++++ RECORDS FOR THIS TASK

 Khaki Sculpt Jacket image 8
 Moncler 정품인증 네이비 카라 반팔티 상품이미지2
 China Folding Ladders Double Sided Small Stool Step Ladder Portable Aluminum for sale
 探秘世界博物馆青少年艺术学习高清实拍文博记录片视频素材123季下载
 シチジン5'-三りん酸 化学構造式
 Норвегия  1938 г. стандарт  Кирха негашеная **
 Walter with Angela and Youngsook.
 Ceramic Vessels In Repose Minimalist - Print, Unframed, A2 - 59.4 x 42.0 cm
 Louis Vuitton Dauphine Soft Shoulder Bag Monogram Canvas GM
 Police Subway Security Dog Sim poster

++++++++

**EXERCISE REQUIREMENTS**: Write down exactly the line with "Ceramic Vessels In", then each line after it through the end of the data.

**OUTPUT BELOW**:
 Ceramic Vessels In Repose Minimalist - Print, Unframed, A2 - 59.4 x 42.0 cm
 Louis Vuitton Dauphine Soft Shoulder Bag Monogram Canvas GM
 Police Subway Security Dog Sim poster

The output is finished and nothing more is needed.